USS Roncador (SS/AGSS/IXSS-301), a , was a ship of the United States Navy named for the roncador.

==Construction and commissioning==
The Roncador was laid down on 21 April 1943 by the Cramp Shipbuilding Company at Philadelphia, Pennsylvania, launched on 14 May 1944, sponsored by Mrs. Thomas B. Klakring, and commissioned on 27 March 1945.

==Service history==
Following commissioning, the Roncador conducted shakedown exercises into late May 1945; on 26 May 1945, she arrived at Port Everglades, Florida. Based there for two months, she assisted in the development of antisubmarine warfare techniques. On 29 July 1945 she got underway for Panama and, from 3 August through the end of World War II in mid-August 1945, conducted advanced training exercises off the Panama Canal Zone.

In late August 1945, she proceeded to Guantanamo Bay, Cuba, then in mid-September 1945 headed for the Pacific She arrived at Pearl Harbor, Hawaii, on 3 October 1945 and remained in Hawaiian waters into 1946. On 3 January 1946, she got underway for San Francisco, California, and inactivation.

==Decommissioning and disposal==
The Roncador was decommissionedon 1 June 1946 and through the 1950s remained in the inactive fleet. In February 1960, she was taken out of reserve fleet and assigned to United States Naval Reserve training duty in the 11th Naval District in a non-commissioned status.
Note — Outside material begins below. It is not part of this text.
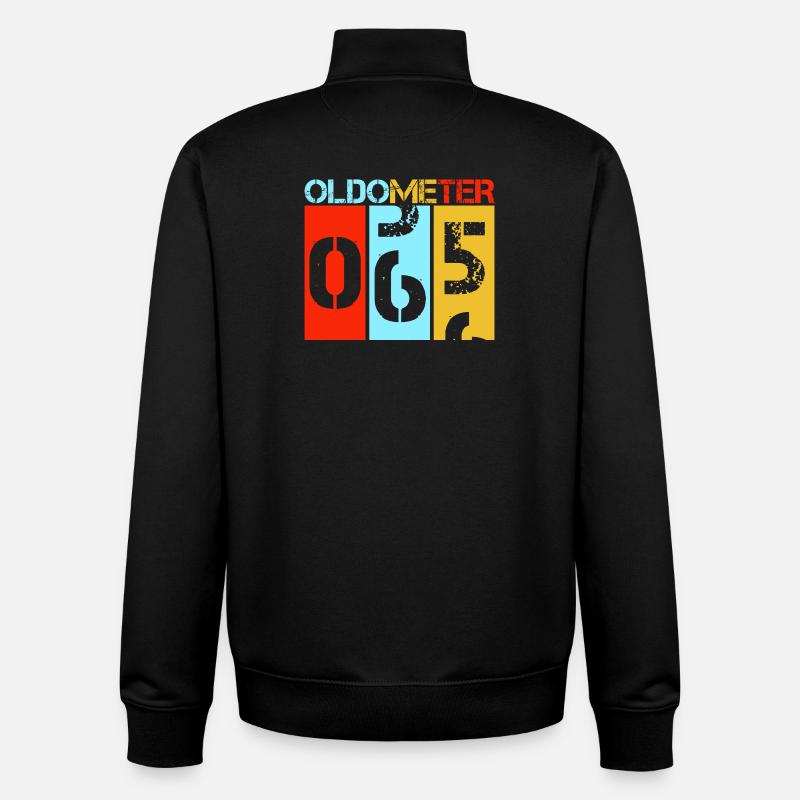 Art rétro du compteur de vitesse pour le 65e anniversaire d’Oldometer - Sweat zippé unisexe en coton bio Stanley/Stella - noir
Reclassified as an auxiliary submarine and accordingly redesignated AGSS-301 on 1 December 1962, she continued training duty, at Naval Station Long Beach on Terminal Island in Los Angeles, California, until 1 December 1971, at which time she was stricken from the Naval Vessel Register, reclassified as a "miscellaneous unclassified submarine," and redesignated IXSS-301.
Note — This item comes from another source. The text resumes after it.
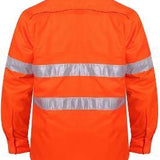 RITEMATE RM108V3R VENTED OPEN FRONT L/W L/S TAPED SHIRT-HI VIS WORK SHIRTS-BOOTS CLOTHES SAFETY-BOOTS CLOTHES SAFETY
Plans were made for Roncadaor to be used as a museum ship at Ports O' Call Village in San Pedro, California, but they fell through. Instead she was sold for scrapping on 2 January 1973. Instead of being scrapped, however, she was placed on display for a brief period of time circa February 1976 at King Harbor in Redondo Beach, California.
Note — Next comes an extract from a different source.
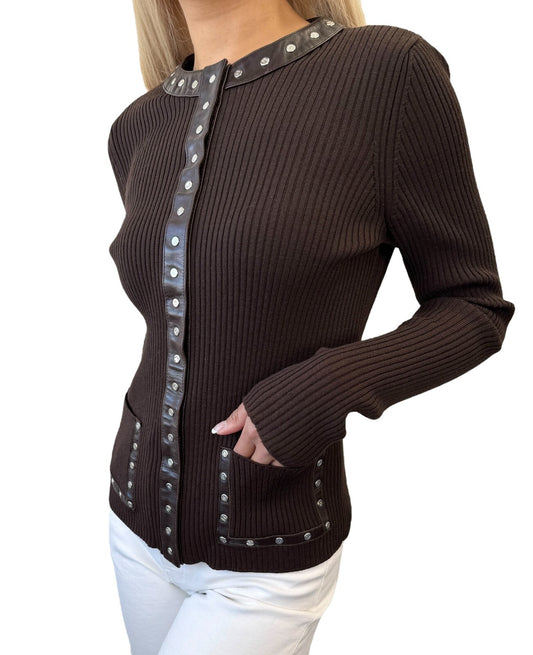 CELINE Vintage Macadam Logo Rib Knit Cardigan #M Snap Button Brown Wool Leather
She was resold in September 1976 to Nicolai Joffe of Beverly Hills, California, and subsequently portrayed the fictional submarine USS Sea Tiger — painted pink for the role — in the ABC situation comedy Operation Petticoat, which aired in the United States from September 1977 to October 1978. The Naval Vessel Register on 1 October 1982 listed her as having been sold again for scrapping.

==Commemoration==
The Roncador′s conning tower was preserved and was displayed for several years at the National Museum of the United States Navy at the Washington Navy Yard in Washington, D.C. It then was moved to Naval Base Point Loma in San Diego, California, where it now resides as the centerpiece of the Submarine Memorial at Ballast Point.